#### TASK REQUIREMENTS
Each and every line below goes into your answer unchanged, but leave out the images.

#### DATASET EXCERPT
-=-=-

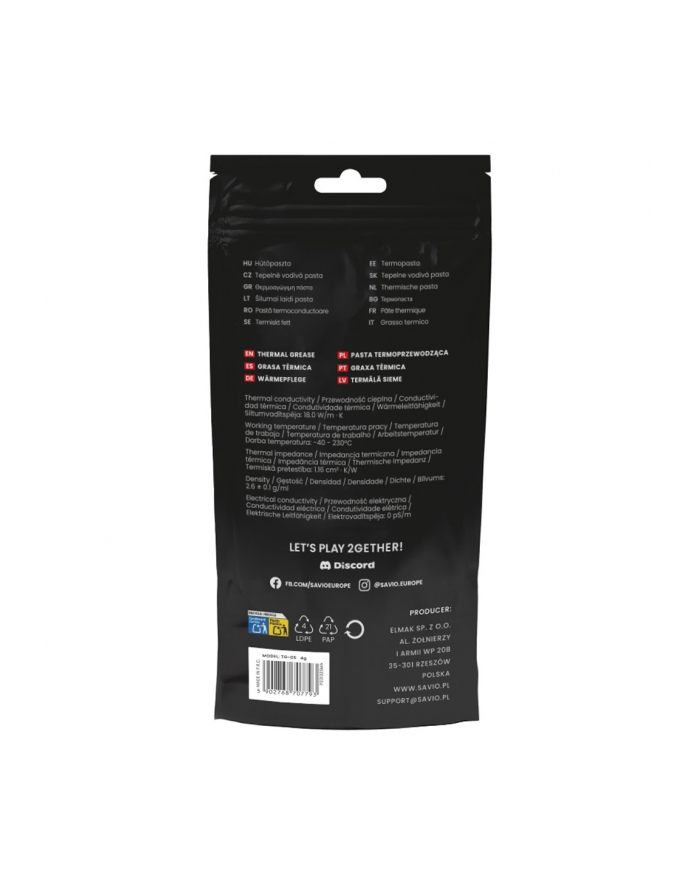 savio Pasta termoprzewodząca Glacier 18W/mK 4g TG-05 główny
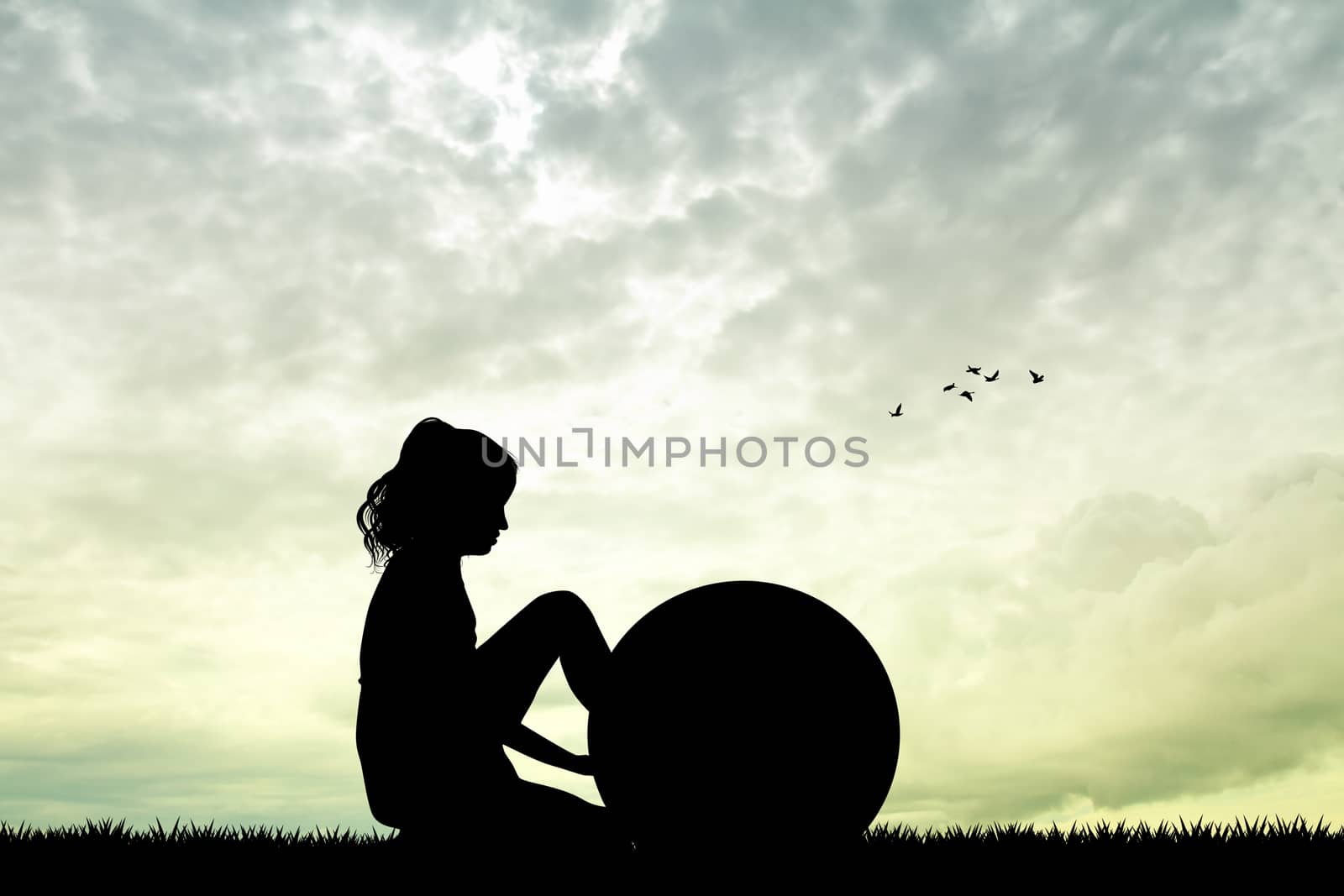 illustration of girl with pilates ball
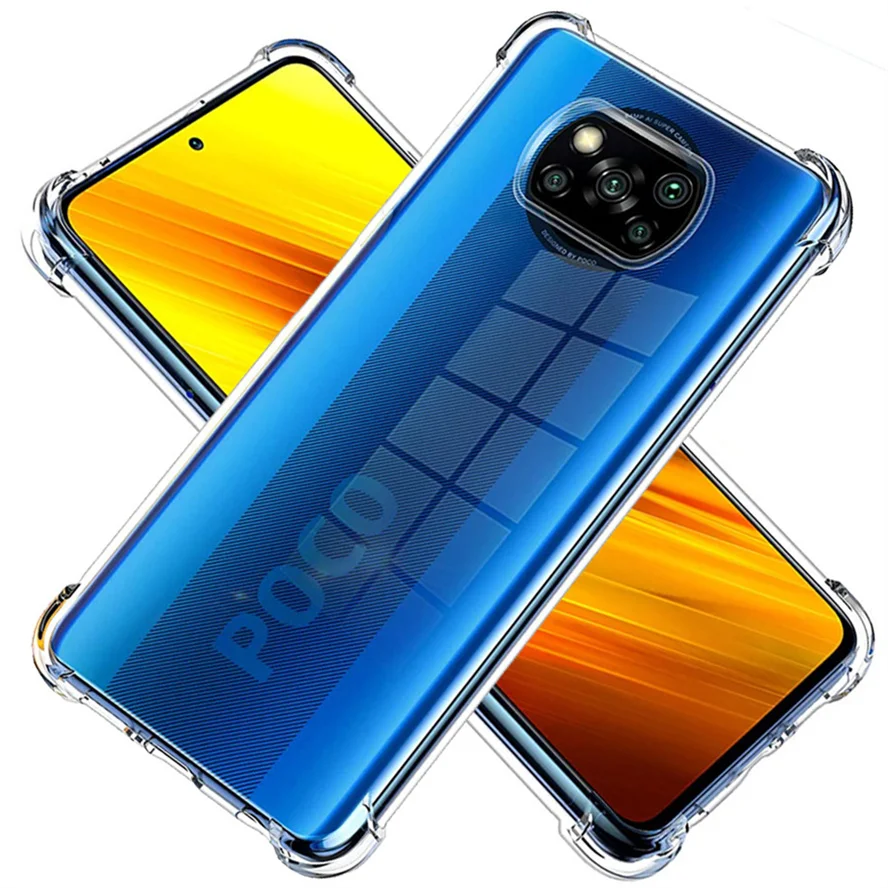 

airbag case for poco-x3 nfc soft clear shockproof silicone phone cases poco m3 pro xiaomi poco m4 pro 5g cover pocophone x3 case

-=-=-

#### ANSWER SPACE
 savio Pasta termoprzewodząca Glacier 18W/mK 4g TG-05 główny
 illustration of girl with pilates ball

airbag case for poco-x3 nfc soft clear shockproof silicone phone cases poco m3 pro xiaomi poco m4 pro 5g cover pocophone x3 case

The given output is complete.